6) Mancato coinvolgimento dei fornitori. Molte imprese non coinvolgono in modo adeguato i fornitori, sia durante le attività di scouting di nuove tecnologie, sia durante le fasi più esecutive di sviluppo prodotto. La frammentazione internazionale dei processi produttivi e la conseguente perdita di significato del “made-in” impongono un coinvolgimento dei fornitori puntuale su temi specifici, ma soprattutto continuo nell’arco dell’intero sviluppo prodotto. Metodologie estremamente consolidate e mature come il DFMA possono ancora dare molto e la vera sfida è applicarle su prodotti con una forte componente di outsourcing. Il costo non può e non deve essere l’unico driver di scelta dei fornitori, anche in un’economia a crescita bassa, nulla o negativa.

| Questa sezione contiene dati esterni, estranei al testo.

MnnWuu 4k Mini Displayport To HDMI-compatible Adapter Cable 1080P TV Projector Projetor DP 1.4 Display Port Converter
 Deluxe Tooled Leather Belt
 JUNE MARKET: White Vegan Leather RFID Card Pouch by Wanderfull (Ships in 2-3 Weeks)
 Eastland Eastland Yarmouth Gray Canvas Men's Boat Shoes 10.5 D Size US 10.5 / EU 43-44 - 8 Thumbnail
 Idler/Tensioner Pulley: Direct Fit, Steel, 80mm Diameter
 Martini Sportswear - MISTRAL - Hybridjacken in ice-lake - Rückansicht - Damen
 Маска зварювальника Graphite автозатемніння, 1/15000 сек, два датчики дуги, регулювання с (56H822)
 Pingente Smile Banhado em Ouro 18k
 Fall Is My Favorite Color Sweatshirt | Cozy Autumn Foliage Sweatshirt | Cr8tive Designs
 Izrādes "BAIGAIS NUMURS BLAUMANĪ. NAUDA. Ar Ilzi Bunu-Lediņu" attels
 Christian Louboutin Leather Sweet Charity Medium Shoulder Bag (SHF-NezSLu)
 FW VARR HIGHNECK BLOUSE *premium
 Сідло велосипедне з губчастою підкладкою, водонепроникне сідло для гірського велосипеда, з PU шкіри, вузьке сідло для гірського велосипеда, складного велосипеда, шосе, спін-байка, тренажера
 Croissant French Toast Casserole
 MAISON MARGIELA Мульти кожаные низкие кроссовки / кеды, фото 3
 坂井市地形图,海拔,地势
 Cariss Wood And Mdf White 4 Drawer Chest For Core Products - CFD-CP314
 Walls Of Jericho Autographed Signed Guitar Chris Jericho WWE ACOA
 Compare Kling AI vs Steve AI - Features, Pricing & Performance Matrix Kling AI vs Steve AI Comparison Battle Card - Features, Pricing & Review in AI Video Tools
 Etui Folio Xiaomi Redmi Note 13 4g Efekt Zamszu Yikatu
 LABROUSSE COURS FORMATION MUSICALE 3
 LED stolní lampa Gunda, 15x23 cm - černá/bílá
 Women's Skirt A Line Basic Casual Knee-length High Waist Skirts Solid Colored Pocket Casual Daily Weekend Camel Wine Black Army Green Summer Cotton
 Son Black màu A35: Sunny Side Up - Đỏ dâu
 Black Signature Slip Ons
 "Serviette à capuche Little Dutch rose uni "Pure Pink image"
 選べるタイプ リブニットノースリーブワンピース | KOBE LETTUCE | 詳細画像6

7) Mancato coinvolgimento dei clienti. In maniera diametricalmente opposta al punto precedente, il mancato coinvolgimento dei clienti può comportare non solo difficoltà intrinseche a livello qualitativo, ma anche un problema di over quality e parallelamente di over cost. Il vero salto di qualità sarebbe non solo coinvolgere il cliente fin dalle prime fasi di sviluppo prodotto, ma cercare di vivere la sua stessa vita e le sue esperienze d’uso dei prodotti e servizi offerti dall’azienda.
Torniamo ai principi
Di fronte a un tema molto ampio o a un problema di elevata complessità, un approccio che di solito funziona è quello di ripartire dalle basi, dai fondamentali, ovvero da cosa dicono i “sacri testi” del management e i modelli teorici. In questo caso è sufficiente tornare alle norme e in particolare ai principi di fatto stabiliti dalle ISO 9000 e ISO 9001: orientamento al cliente, leadership, coinvolgimento delle persone, approccio per processi, miglioramento, decisioni basate su evidenze e gestione delle relazioni. Molti degli errori comunemente commessi in azienda relativamente alla qualità e descritti sopra sono proprio il risultato di una mancata applicazione delle norme. Restano esclusi due punti, che forse le norme, nella loro asettica generalità, non trattano esplicitamente e danno probabilmente per scontati, ovvero la frequente inadeguatezza delle risorse della qualità e la mancata estrazione tecnica di molti tecnici qualità. Combinare la teoria generale con le evidenze del campo, adattare i modelli e principi delle norme e della letteratura continuano ad essere le uniche leve per effettuare il cambiamento e innalzare il livello delle prestazioni.